For a conscientious politician, honour is a greater adornment than power. He values honour more than the office he holds. However, it can be said of some politicians that they lose their honour before they lose power. Dr Manmohan Singh, an essentially honourable man (I say this on the basis of my interaction with him before he became Prime Minister), has allowed his personal integrity suffer a serious dent by, among other things, the reckless manner in which he has attacked L.K. Advani, the prime ministerial candidate of the BJP and the NDA. An objective assessment of what Advani said about Dr Singh, and how the latter hit back at the BJP leader, would reveal that the PM put his personal honour at stake and emerged a loser.
The harshest word that Advani has used in describing
Dr Singh’s performance is that he is a “weak” Prime Minister. He has only articulated what most Indians know—that the PM has allowed his high office to be “devalued” by making 7 Race Course Road subservient to 10 Janpath. There was no personal prejudice or animus in this description. It was in the nature of legitimate political criticism coming from an opposition leader. Advani is incapable of harbouring personal hostility towards anyone. On the contrary, he has on many occasions discarded constraints of political correctness to publicly shower praises on his political opponents.

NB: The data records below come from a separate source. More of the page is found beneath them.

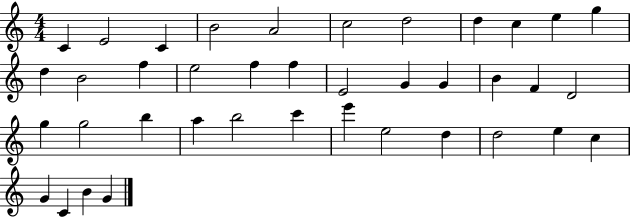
C4/q E4/h C4/q B4/h A4/h C5/h D5/h D5/q C5/q E5/q G5/q D5/q B4/h F5/q E5/h F5/q F5/q E4/h G4/q G4/q B4/q F4/q D4/h G5/q G5/h B5/q A5/q B5/h C6/q E6/q E5/h D5/q D5/h E5/q C5/q G4/q C4/q B4/q G4/q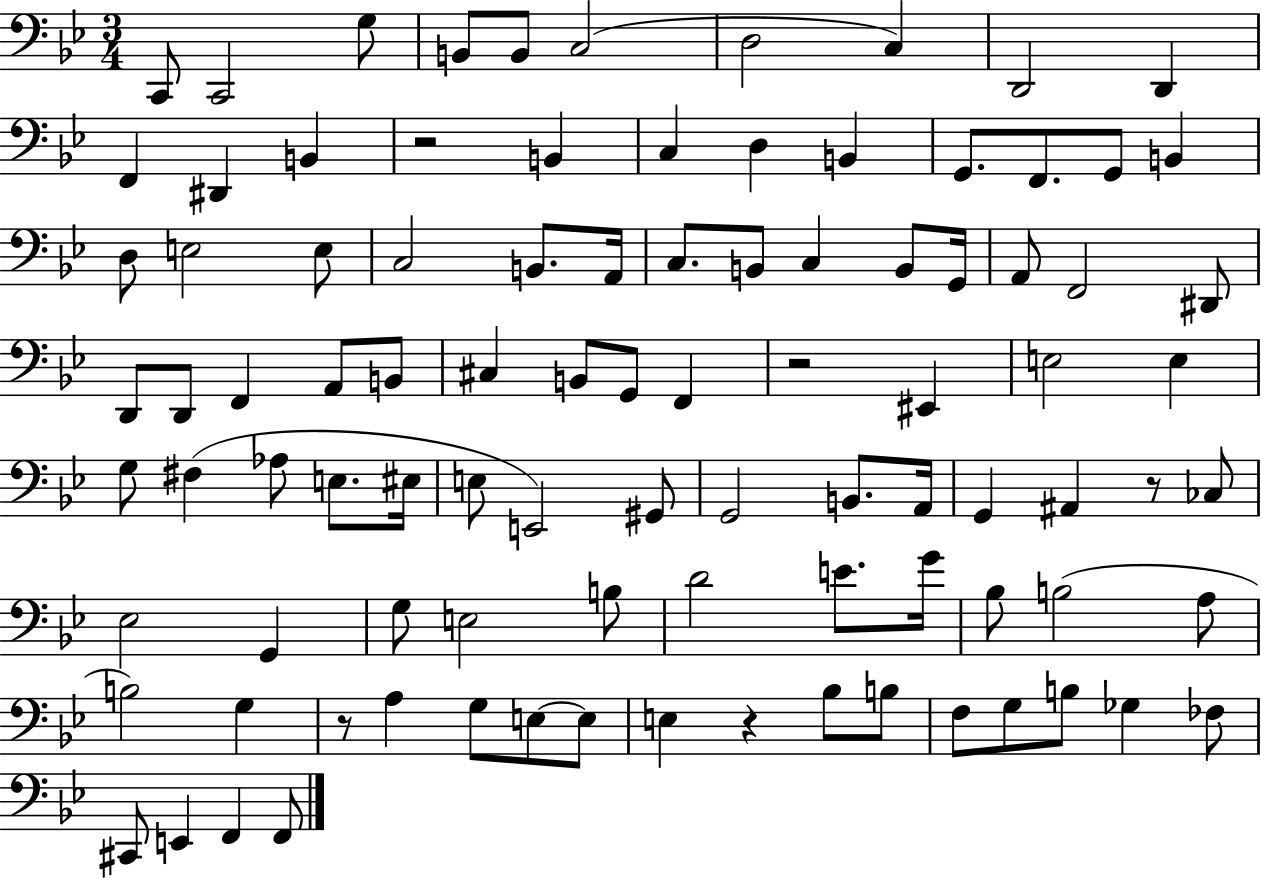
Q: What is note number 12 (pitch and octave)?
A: D#2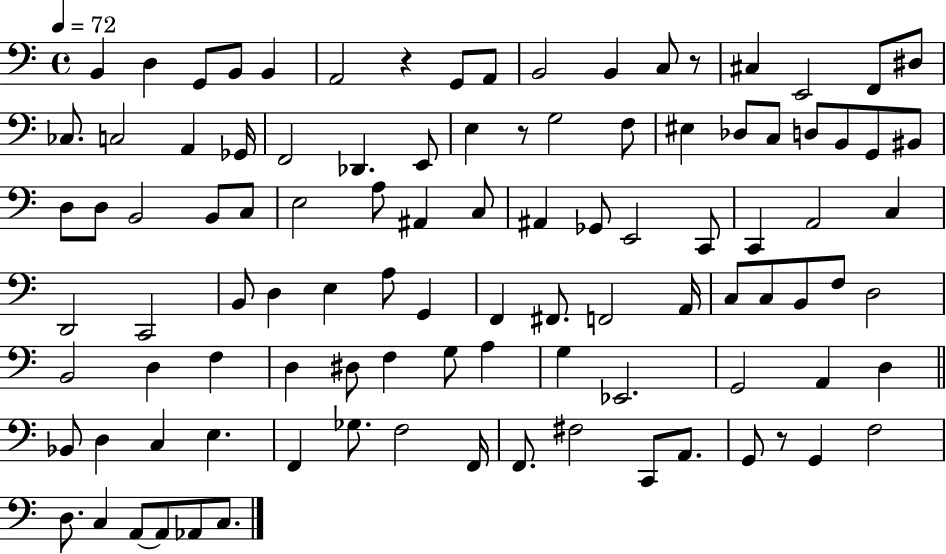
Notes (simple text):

B2/q D3/q G2/e B2/e B2/q A2/h R/q G2/e A2/e B2/h B2/q C3/e R/e C#3/q E2/h F2/e D#3/e CES3/e. C3/h A2/q Gb2/s F2/h Db2/q. E2/e E3/q R/e G3/h F3/e EIS3/q Db3/e C3/e D3/e B2/e G2/e BIS2/e D3/e D3/e B2/h B2/e C3/e E3/h A3/e A#2/q C3/e A#2/q Gb2/e E2/h C2/e C2/q A2/h C3/q D2/h C2/h B2/e D3/q E3/q A3/e G2/q F2/q F#2/e. F2/h A2/s C3/e C3/e B2/e F3/e D3/h B2/h D3/q F3/q D3/q D#3/e F3/q G3/e A3/q G3/q Eb2/h. G2/h A2/q D3/q Bb2/e D3/q C3/q E3/q. F2/q Gb3/e. F3/h F2/s F2/e. F#3/h C2/e A2/e. G2/e R/e G2/q F3/h D3/e. C3/q A2/e A2/e Ab2/e C3/e.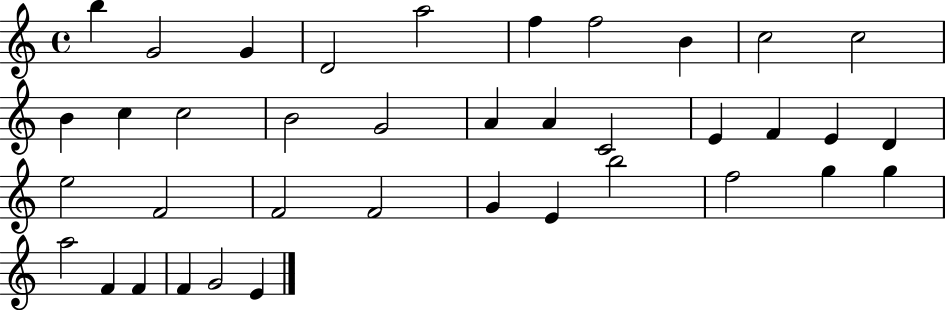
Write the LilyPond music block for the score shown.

{
  \clef treble
  \time 4/4
  \defaultTimeSignature
  \key c \major
  b''4 g'2 g'4 | d'2 a''2 | f''4 f''2 b'4 | c''2 c''2 | \break b'4 c''4 c''2 | b'2 g'2 | a'4 a'4 c'2 | e'4 f'4 e'4 d'4 | \break e''2 f'2 | f'2 f'2 | g'4 e'4 b''2 | f''2 g''4 g''4 | \break a''2 f'4 f'4 | f'4 g'2 e'4 | \bar "|."
}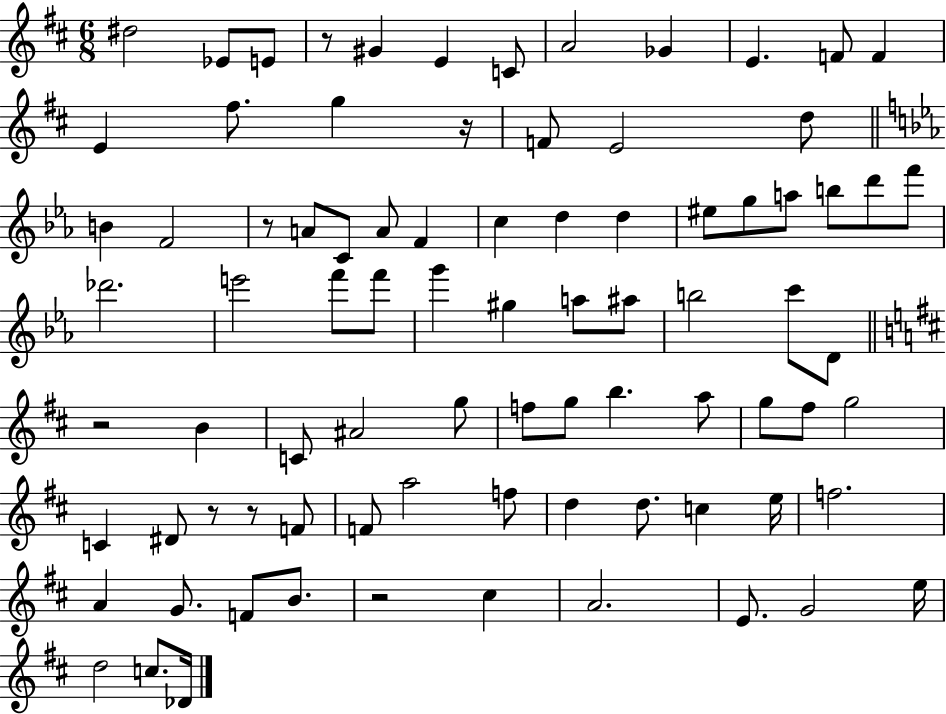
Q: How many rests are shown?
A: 7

Recall how he publicly eulogised P.V. Narasimha Rao, in the first year of his premiership, as India’s “best prime minister after Lal Bahadur Shastri”. Recall how both Atal Bihari Vajpayee and he supported several economic reforms initiatives of Dr Manmohan Singh when he was the finance minister in the Rao government. Recall how, when Advani represented the Vajpayee government at the funeral of E.M.S. Namboodiripad in 1998, he lauded the “idealism” of the CPI(M) leader. Recall also how, during his chance encounter with Rahul Gandhi at the airport lounge in Delhi in 2007, he told the young Congress leader that he did not consider the Congress an “enemy” of the BJP but only a “political adversary”, implying that the two national parties can, and should, cooperate on major national issues.
... contd.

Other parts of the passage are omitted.